Inventora das sandálias com plataformas – que aumentavam o seu 1,52m para o 1,65m ou 1,67m – morreu com 46 anos, depois de ter conquistado o mundo através da música e dos filmes

No total, a marcoense fez mais de 20 filmes, 14 deles em Hollywood. “O que é que a Baiana tem?”, “Serenata Tropical” e “Copacabana” foram alguns dos filmes que marcaram a carreira da atriz mais bem paga dos Estados Unidos em 1945.

A “pequena notável” deixou também grandes marcos na música. “O que é que a Baiana tem?”, “Mamãe eu quero”, “Chica Chica Boom”, “Tico Tico” e “South American Way”  são algumas das canções mais populares de Carmen Miranda.

Ary Barroso ou Synval Silva compuseram canções para Carmen Miranda, que mostrou sempre a sua vivacidade e talento nas atuações.

Além do cinema, da televisão e da música, Carmen Miranda inspirou a moda.

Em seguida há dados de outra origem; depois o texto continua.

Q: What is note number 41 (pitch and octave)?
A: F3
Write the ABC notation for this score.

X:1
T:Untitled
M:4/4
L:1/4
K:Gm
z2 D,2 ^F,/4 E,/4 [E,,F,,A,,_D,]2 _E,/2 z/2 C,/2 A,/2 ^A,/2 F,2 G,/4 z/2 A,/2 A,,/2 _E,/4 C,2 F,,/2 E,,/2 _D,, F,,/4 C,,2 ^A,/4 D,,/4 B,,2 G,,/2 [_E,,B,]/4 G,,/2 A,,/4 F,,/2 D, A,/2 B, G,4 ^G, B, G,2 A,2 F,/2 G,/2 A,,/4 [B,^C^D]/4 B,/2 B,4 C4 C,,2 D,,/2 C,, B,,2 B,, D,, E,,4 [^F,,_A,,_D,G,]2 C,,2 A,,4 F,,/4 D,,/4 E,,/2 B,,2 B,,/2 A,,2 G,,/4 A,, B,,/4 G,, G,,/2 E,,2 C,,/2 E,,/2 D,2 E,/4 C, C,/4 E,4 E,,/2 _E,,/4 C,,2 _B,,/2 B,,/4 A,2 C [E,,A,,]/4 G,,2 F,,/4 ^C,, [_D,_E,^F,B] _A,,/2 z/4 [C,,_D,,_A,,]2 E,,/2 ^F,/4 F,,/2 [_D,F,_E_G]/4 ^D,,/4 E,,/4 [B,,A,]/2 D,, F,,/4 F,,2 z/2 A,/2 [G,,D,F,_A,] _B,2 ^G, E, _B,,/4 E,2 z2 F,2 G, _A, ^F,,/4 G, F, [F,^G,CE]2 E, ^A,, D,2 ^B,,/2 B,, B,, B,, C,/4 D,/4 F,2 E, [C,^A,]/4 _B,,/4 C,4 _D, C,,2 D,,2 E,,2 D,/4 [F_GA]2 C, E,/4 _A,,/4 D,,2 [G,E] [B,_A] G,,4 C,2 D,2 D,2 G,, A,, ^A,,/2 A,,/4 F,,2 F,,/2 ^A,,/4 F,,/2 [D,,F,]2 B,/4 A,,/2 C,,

Considerada “muito avançada” para o seu tempo, a artista cuja imagem está sempre associada às frutas tropicais na cabeça é considerada a mãe do tropicalismo, movimento cultural dos anos de 1960.

Olhos verdes e boca carnuda, a portuguesa mais famosa de Hollywood era uma estrela pin-up, que fora dos holofotes usava calções curtos, camisa amarrada (com barriga à mostra) e um lenço no cabelo. As sandálias com plataformas eram também um marco da “pequena notável”.

Carmen Miranda morreu a 5 de agosto de 1955 em Beverly Hills, depois de um dia cansativo atuações em televisão. A “pequena notável” que teve o mundo aos seus pés faleceu de colapso cardíaco no quarto, sozinha.

Em Marco de Canaveses, terra natal, é possível visitar o Museu Carmen Miranda e a exposição permanente sobre a portuguesa que mais brilhou em Hollywood.